German care rules leave gaps for off-books work
August 8, 2018Germany's caregiver shortage has not only led to understaffing at residential facilities for elderly people, but also means that patients are unable to get at-home health care without navigating a sector plagued by "legal gray zones" — such as a lack of standardized contracts covering hours, wages and labor conditions — that discourage on-the-books work.
There are currently about 36,000 vacant posts for nurses, therapists, attendants and other care workers; a full 15,000 of these are for people who specialize in assisting the elderly. Germany's population is rapidly aging, which adds to the urgency: The number of people requiring eldercare services has been forecast to rise from the current 2.86 million to 4.5 million by 2060.
Chancellor Angela Merkel's government is working to address the problem. The Health, Family, and Labor Ministries launched a joint initiative in July to recruit an extra 13,000 workers as soon as possible, and ease working conditions for professional caregivers. But an organization called the German-Polish Centre for Public Law and Environmental Network has called on the government to do more.
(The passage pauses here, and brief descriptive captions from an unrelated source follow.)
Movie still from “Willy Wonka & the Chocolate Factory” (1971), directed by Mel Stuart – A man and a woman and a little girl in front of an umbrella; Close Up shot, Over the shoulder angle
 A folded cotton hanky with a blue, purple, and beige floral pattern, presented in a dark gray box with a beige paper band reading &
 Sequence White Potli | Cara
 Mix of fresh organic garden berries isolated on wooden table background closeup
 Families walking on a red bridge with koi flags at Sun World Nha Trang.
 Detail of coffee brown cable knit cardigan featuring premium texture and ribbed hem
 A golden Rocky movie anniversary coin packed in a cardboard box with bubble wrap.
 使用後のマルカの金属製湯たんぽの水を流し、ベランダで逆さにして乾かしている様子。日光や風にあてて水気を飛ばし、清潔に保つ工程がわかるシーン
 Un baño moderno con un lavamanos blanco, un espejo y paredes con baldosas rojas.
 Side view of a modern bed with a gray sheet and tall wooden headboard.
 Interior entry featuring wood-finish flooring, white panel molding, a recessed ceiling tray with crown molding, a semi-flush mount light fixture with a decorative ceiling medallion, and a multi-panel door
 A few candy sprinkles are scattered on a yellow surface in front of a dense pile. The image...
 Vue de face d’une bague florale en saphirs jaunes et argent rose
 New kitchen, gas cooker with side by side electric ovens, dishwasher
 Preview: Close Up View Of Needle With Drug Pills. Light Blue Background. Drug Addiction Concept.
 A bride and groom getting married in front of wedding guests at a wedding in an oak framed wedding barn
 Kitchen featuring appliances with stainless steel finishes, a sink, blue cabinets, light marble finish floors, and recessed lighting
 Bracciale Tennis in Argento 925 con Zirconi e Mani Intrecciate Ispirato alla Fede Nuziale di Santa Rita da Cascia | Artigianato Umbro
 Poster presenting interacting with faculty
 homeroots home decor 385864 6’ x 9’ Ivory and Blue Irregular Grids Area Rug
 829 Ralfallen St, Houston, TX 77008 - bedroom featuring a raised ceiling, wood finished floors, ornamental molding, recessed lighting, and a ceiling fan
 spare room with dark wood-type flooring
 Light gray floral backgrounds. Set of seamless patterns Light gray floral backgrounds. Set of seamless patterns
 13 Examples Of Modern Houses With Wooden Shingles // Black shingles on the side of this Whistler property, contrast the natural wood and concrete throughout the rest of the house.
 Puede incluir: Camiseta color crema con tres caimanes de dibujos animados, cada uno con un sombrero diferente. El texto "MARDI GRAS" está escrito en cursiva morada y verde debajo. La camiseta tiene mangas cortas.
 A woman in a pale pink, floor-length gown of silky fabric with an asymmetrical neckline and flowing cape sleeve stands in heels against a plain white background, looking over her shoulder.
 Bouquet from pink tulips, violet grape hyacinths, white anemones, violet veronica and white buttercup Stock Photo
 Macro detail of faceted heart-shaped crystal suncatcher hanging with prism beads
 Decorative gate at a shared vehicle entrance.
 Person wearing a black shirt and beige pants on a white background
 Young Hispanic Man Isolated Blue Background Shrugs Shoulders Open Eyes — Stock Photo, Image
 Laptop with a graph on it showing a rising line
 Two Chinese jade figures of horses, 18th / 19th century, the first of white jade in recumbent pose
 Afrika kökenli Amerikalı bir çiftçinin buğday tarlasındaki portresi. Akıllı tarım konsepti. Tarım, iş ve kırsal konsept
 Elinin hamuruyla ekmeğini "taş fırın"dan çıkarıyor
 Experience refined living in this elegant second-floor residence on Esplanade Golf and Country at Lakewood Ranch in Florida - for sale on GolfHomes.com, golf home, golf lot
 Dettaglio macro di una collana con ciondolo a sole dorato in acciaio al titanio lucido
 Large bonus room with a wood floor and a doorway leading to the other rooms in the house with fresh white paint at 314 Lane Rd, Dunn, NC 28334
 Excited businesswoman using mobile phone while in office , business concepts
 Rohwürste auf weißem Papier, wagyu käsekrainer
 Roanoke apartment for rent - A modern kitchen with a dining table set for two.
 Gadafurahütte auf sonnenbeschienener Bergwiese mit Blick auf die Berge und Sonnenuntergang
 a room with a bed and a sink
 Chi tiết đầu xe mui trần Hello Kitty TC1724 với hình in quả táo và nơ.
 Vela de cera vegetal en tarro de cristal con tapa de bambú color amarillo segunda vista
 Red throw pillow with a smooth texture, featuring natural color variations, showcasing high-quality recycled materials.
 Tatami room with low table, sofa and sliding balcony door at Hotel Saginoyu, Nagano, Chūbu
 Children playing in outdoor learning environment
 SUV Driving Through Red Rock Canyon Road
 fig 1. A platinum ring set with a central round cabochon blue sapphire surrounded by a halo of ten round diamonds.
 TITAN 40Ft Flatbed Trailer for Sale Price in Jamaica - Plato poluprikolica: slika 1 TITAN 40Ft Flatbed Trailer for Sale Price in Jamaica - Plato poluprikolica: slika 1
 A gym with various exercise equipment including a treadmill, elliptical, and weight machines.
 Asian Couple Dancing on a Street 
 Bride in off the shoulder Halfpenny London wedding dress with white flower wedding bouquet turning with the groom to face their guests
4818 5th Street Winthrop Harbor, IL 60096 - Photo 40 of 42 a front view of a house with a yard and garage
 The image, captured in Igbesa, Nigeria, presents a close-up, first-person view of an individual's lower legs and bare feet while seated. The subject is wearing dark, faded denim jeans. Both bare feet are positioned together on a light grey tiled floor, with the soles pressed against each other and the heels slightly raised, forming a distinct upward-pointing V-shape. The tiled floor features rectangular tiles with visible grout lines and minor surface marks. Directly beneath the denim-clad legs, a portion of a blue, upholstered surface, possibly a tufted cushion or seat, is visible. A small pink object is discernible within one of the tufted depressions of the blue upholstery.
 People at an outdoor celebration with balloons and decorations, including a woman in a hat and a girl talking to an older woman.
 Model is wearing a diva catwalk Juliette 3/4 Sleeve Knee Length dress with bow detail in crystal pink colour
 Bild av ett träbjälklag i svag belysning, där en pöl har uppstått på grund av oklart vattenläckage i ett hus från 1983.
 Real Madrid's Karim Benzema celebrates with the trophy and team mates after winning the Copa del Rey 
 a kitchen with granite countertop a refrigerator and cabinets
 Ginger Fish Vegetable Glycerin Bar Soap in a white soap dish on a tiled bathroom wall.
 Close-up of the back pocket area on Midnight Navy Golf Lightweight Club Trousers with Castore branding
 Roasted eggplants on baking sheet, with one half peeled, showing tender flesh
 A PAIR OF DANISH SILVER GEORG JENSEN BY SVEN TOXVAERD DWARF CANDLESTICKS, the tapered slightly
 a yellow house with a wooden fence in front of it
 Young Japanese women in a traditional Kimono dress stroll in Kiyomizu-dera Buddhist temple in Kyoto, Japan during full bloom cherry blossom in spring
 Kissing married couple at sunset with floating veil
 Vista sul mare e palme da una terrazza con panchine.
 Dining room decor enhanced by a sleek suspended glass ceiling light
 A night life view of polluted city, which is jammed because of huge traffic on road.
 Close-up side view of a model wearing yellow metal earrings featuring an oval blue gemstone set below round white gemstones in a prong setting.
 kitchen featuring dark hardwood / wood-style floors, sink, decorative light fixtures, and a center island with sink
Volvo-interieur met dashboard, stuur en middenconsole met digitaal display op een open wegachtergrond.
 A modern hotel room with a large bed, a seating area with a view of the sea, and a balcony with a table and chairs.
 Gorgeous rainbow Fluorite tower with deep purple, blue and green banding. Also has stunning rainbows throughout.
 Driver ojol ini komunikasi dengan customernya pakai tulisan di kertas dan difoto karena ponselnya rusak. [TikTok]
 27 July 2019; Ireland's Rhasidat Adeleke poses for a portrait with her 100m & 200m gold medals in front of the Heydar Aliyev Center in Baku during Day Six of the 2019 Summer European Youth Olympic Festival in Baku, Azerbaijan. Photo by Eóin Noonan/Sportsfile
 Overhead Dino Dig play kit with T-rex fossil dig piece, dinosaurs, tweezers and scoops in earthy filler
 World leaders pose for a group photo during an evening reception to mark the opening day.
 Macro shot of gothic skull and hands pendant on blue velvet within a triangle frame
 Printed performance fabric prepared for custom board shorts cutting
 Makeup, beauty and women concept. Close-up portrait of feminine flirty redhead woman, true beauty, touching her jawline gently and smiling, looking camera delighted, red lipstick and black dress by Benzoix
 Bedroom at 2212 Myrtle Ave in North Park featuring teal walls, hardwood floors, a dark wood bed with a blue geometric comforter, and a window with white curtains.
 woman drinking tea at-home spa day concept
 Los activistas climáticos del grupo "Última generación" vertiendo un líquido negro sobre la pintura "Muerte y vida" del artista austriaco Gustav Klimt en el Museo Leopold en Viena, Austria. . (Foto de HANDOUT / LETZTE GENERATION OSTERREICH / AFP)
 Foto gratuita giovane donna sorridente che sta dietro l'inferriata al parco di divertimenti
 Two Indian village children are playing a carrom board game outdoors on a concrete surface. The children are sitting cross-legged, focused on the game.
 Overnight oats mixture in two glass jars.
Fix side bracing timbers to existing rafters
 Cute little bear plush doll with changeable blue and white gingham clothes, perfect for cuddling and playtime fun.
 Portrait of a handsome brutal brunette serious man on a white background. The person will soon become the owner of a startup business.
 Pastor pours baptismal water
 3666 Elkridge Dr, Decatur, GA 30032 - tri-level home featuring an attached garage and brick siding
"Where are you going to get these skilled workers from?" said Lothar Knopp, the director of the GPPLEN, which was founded in 2009 by Germany's Brandenburg University of Technology and Poland's University of Wroclaw.
Read more: 'Who will look after us?' Germany's ailing care system
New care markets
Though the current plans would staff state facilities, according to Knopp, the government's initiative "offers no breakthrough at all for home care."
One significant problem for people looking for such assistance is price, but the German government has so failed to either increase care benefits, or to offer extra tax exemptions for people in need. "Politicians need to finally make financial mechanisms available so that home care can be made affordable," Knopp said.
At Tuesday's press conference, Promedica Plus CEO Daniel Haberkorn said the home-care model "helps between 250,000 and 300,000 senior citizens to live at home, and it helps many people in Eastern Europe, where they might not find a job, to earn €1,500 ($1700) a month," he said. The average monthly gross salary in Poland is just over €1,000 a month.
Haberkorn went on to acknowledge that that such a system would remove health workers from Poland, but the company's Polish head, Robert Szymczak, claimed that pensions are so low that old people simply can't afford care, and said Poland had no social benefits covering care.
"It's a tradition that you have your grandma or grandpa move in, and you try to integrate your working life with your private life," Szymczak told DW. "We're talking about a shortfall in Germany, but in Poland the issue doesn't even exist at all. There are no debates about it."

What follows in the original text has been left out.